Oil revenues tend to be concentrated in the hands of a wealthy few. Increases in oil revenues don’t cause them to boost consumption by much. By the same token, falls shouldn’t result in major drops in consumption either. On the other hand, oil consumers tend to be relatively less wealthy with relatively higher propensities to spend. So the pass-through of falling oil prices is on balance positive for the global economy–it increases aggregate demand.

What the oil wealthy do, however, is reinvest their surplus into the likes of expensive art, London property and other luxuries. So, ironically, while falling oil prices might represent a boost to global growth, they might not be so favorable to some of the world’s more inflated asset classes.


8 Comments on "Oil: The Good, the Better, the Ugly"

  1. Makati1 on Fri, 28th Nov 2014 6:59 pm 

    Chaos is the new growth industry and is on track to set new records in 2015.

  2. JuanP on Fri, 28th Nov 2014 7:10 pm 

    I don’t see any winners in this oil price drop.

    Even countries like Uruguay, that imports 100% of the oil we use, will hardly benefit. It is very likely that this oil price crash will end up causing a global recession at some point. Uruguay may enjoy cheaper oil imports for a while, but its export income will suffer in the coming recession. The balance is likely to be negative for most of the world.

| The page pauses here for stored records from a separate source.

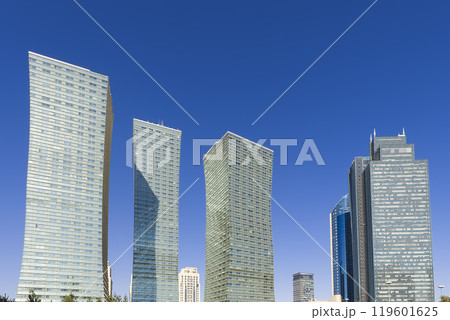カザフスタン・アスタナ 青空に映える高層ビル群 / Astana, Kazakhstan カザフスタン・アスタナ 青空に映える高層ビル群 / Astana, Kazakhstan 119601625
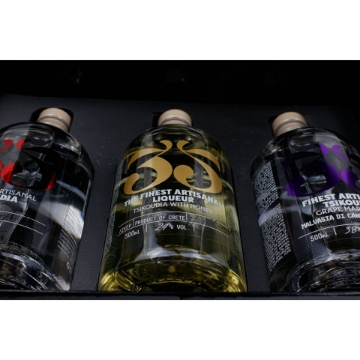 Premium artisanal Cretan Tsikoudia gift collection 3 x 500ml 35N Premium artisanal Cretan Tsikoudia gift collection 3 x 500ml 35N
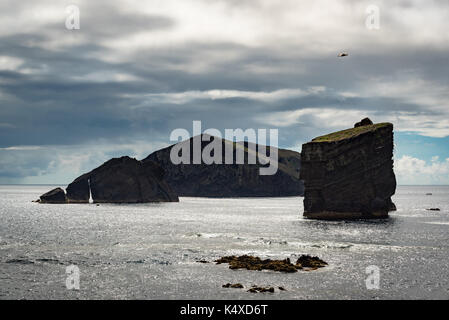 Blick ( Panorama ) von Mosteiros Stacks Felsen an der Küste in Mosteiros Strand, Sao Miguel Insel, Azoren, Portugal Stockfoto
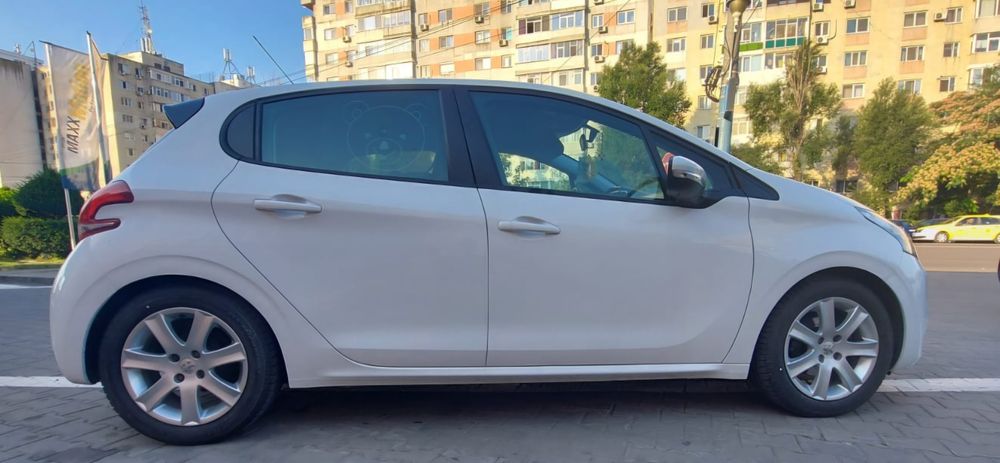 Peugeot 208 1.6 BlueHdi 2016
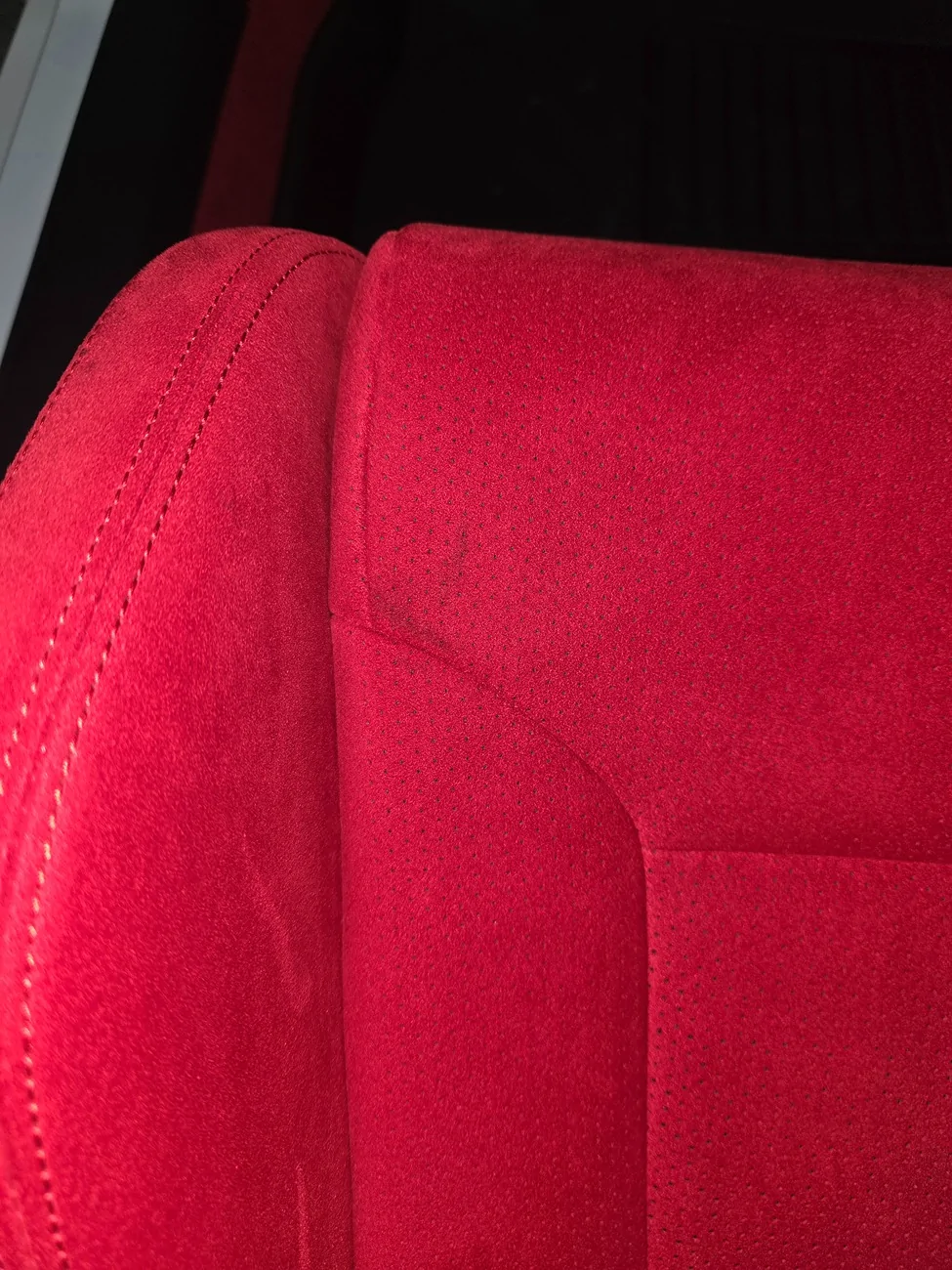 11th Gen Honda Civic Red Seats Stain/Mark 1000007249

  3. Pveroi on Fri, 28th Nov 2014 7:52 pm 

    “The balance is likely to be negative for most of the world.” Isn’t that the point? Comparative advantage goes to the US. Very useful during a time when both Africa and Asia have yet to be cut up for their shale.

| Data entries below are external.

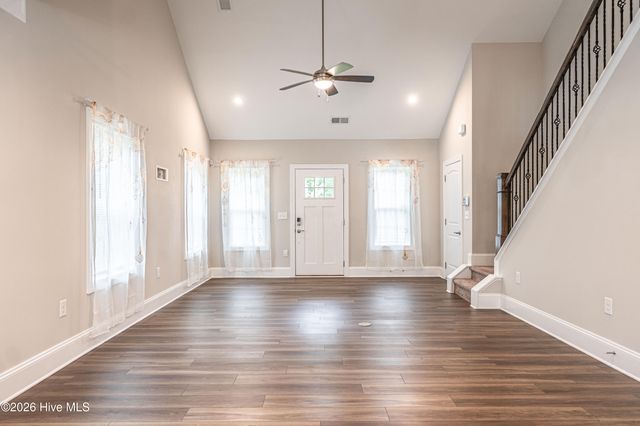 315 Mashie Court, West End, NC 27376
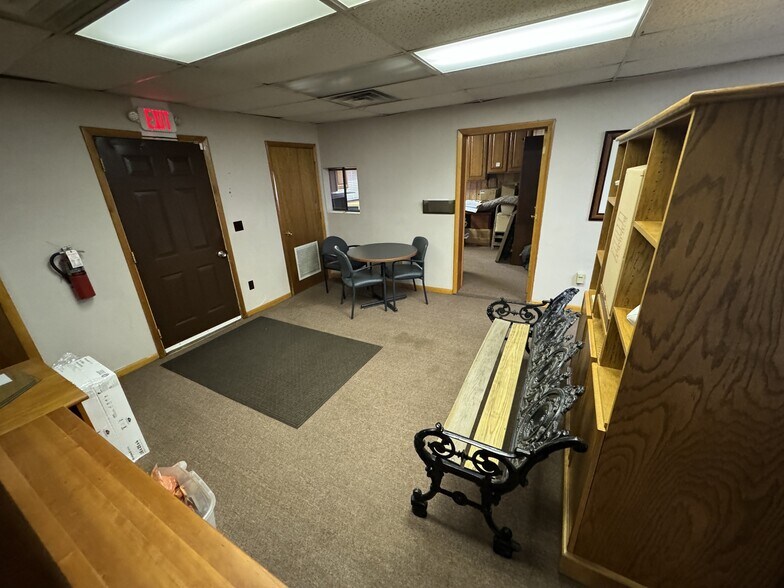 More Photos Of 905 Miami St, Akron Warehouse For Sale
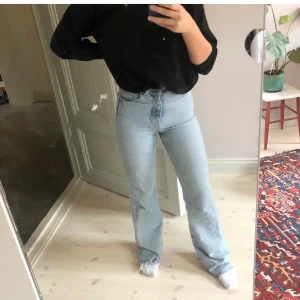 Zara jeans  - Lånade bilder!! Säljer dessa slutsålda jeansen från zara. Dom är i raw cut och långa i benen. Köpta här på Plick för 590kr men dom var alldeles för små, säljer dom för 300kr. Om fler är intresserade blir det budgivning🤍 kan skickas mot fraktkostnad. Alternativt om nögon vill byta mot en storlek 34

  4. Makati1 on Sat, 29th Nov 2014 2:28 am 

    Pveroi, how do you see this as an advantage to the US? If the prices drop more and hold for a few years, the shale industry will be over. The bubble popped, maybe forever. That will likely take down the US economy and make the Great Depression seem like a minor inconvenience.

    Some believe that if the US fails it will automatically take down the rest of the world. More American arrogance, I think. It may reduce the overall world economy some, but the rest of the world is moving away from the US quickly, both in currency and in trade.

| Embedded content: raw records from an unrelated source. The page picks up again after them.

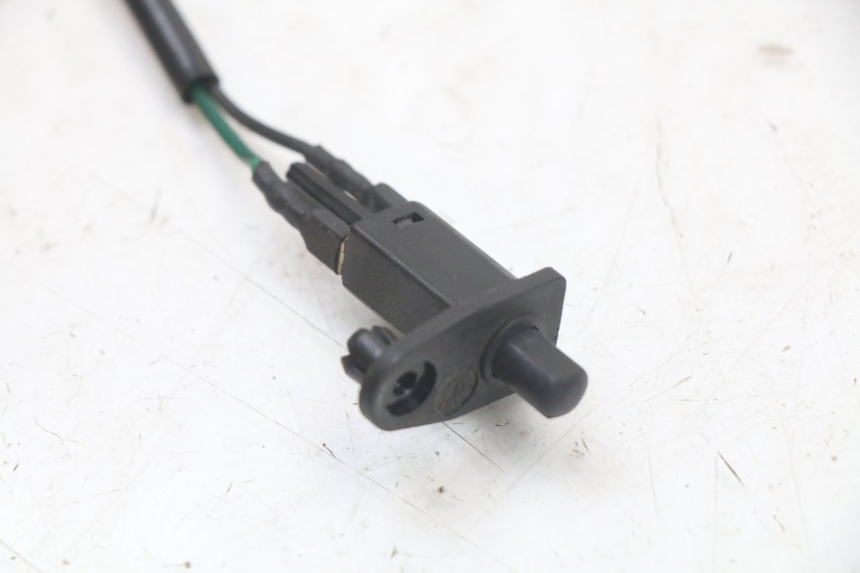 photo de TRUNK OPENING SENSOR PEUGEOT SATELIS 125 (2010 - 2012) - Zoom on usage condition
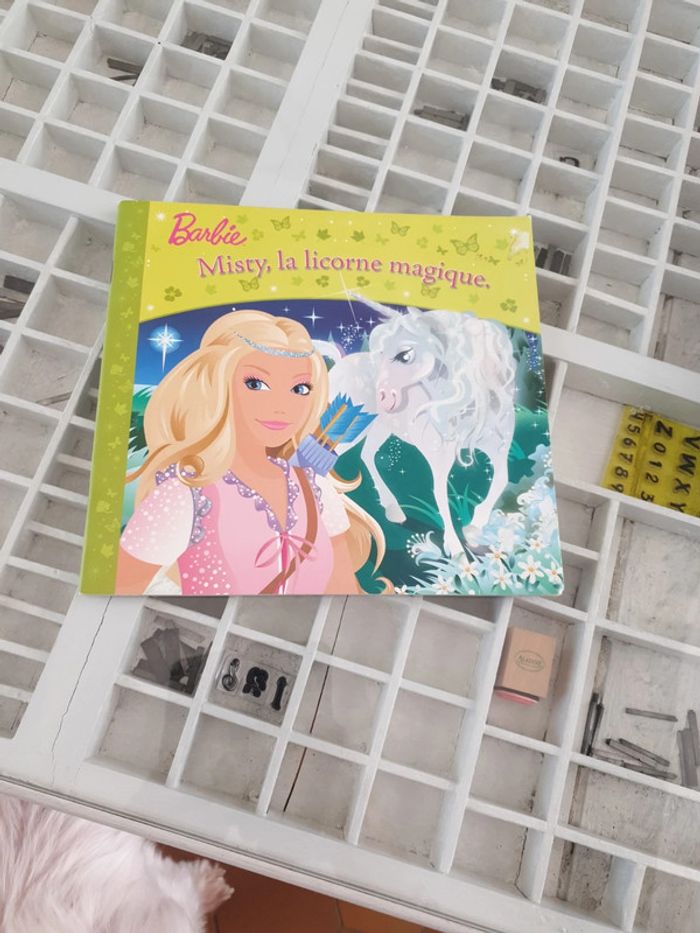 Livre barbie misty la licorne magique
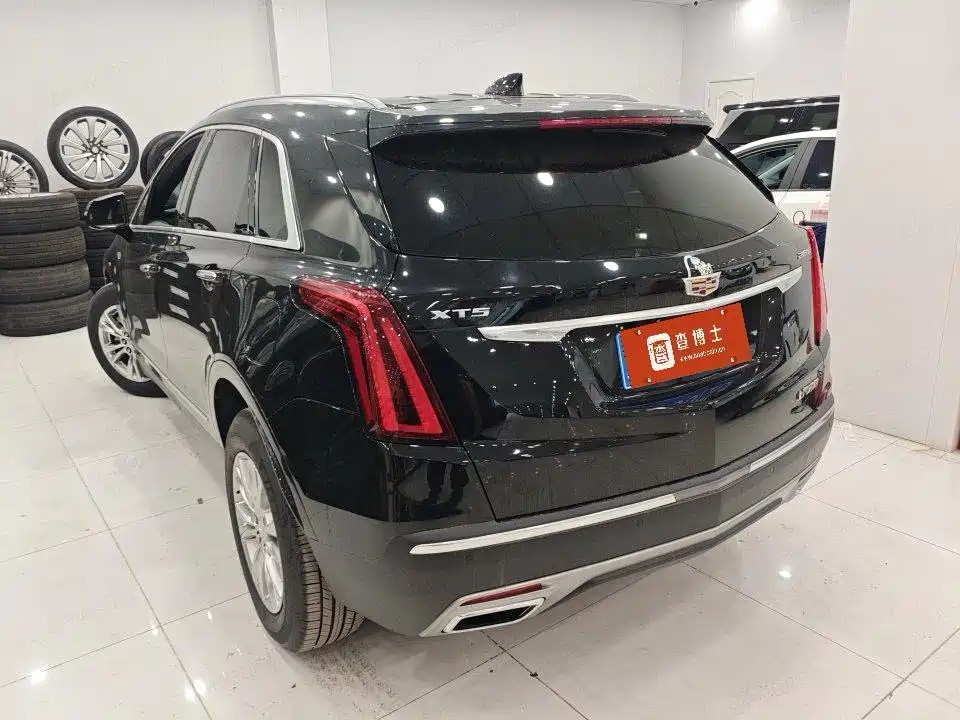 Cadillac XT5 — миниатюра 7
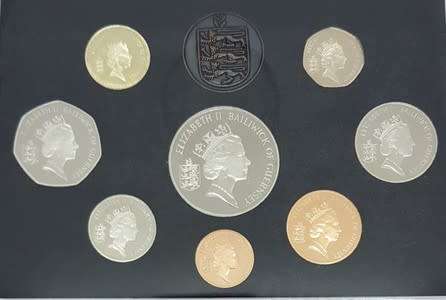 1986 Royal Mint Guernsey Proof Set as per photo
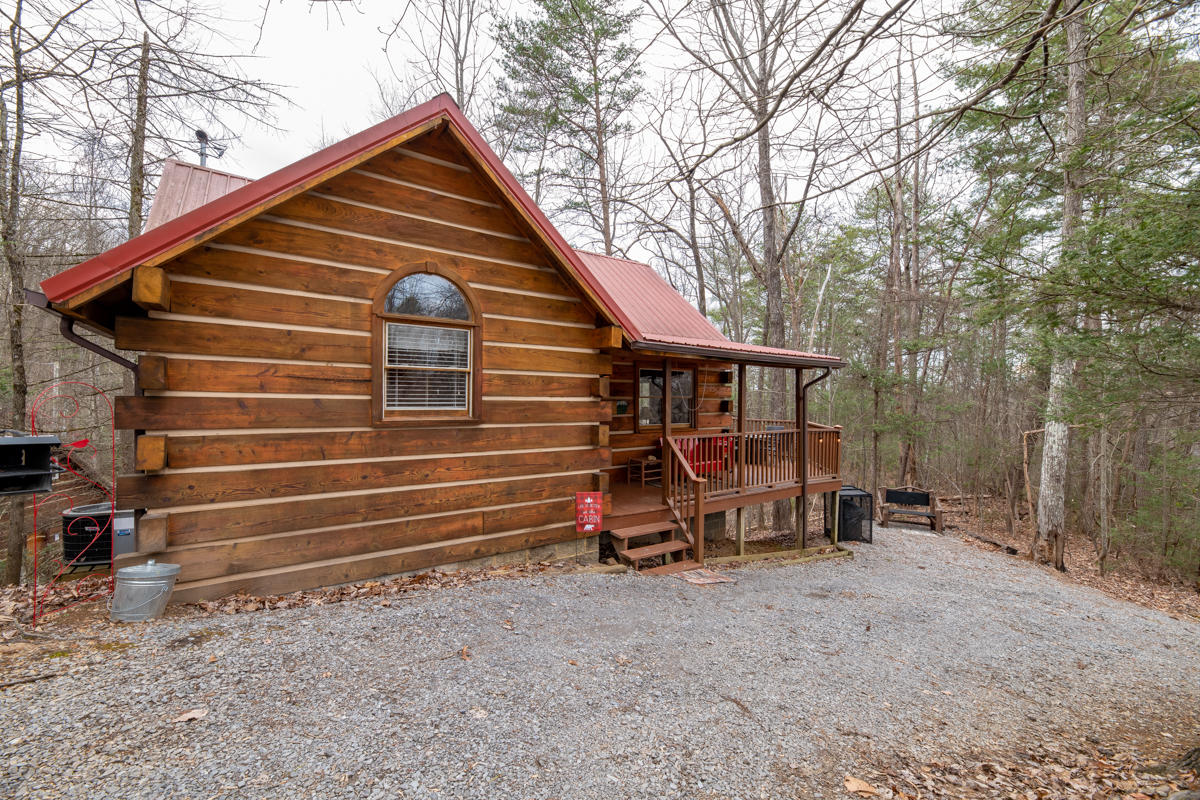 1401-Ridgefield-Dr-Sevierville-TN-2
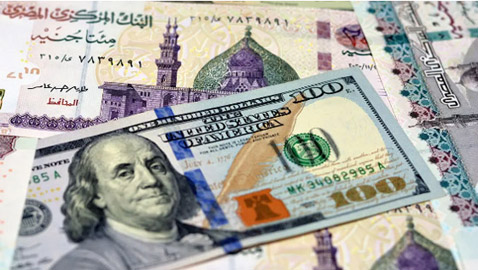 الدولار يقفز بالسوق الموازية في مصر.. طلب عنيف أم مضاربات؟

    The US is getting poorer and the demand for imports is slowing. After all, it is only 4% of the world’s population and is shrinking economically and numerically. The 1/100% wants to take down what is left of the middle class. Seems to be happening quickly if you look close. This could be the final nail in the middle class coffin. We shall see.

  5. Kenz300 on Sat, 29th Nov 2014 8:48 am 

    Lower oil prices will help the European economy…….

    Lower oil prices will help most consumer economies recover faster from the effects of the Great Recession………

    Lower oil prices will help to raise GDP, raise demand and ultimately lead to higher oil prices.

  6. Pveroi on Sat, 29th Nov 2014 11:51 am 

    @mak. Not advantage but comparative advantage. US corps now in best position to develop Africa and Asia. Watch how many deals come up in the next couple months after new year. Once development starts in these places price will spike back up.

    Just my take.

  7. Dredd on Sat, 29th Nov 2014 12:52 pm 

    Will low oil prices cause an ice age so we can all get naked (Phases Of An Empire Freezing To Death – 2)?

  8. nemteck on Sat, 29th Nov 2014 3:35 pm 

    “…. American producers lose out on. And with energy imports making up just 15% or so of U.S. consumption ….”. Sloppy thinking here since future events are compared to present oil imports. If US producers lose and shut down then oil imports will rise.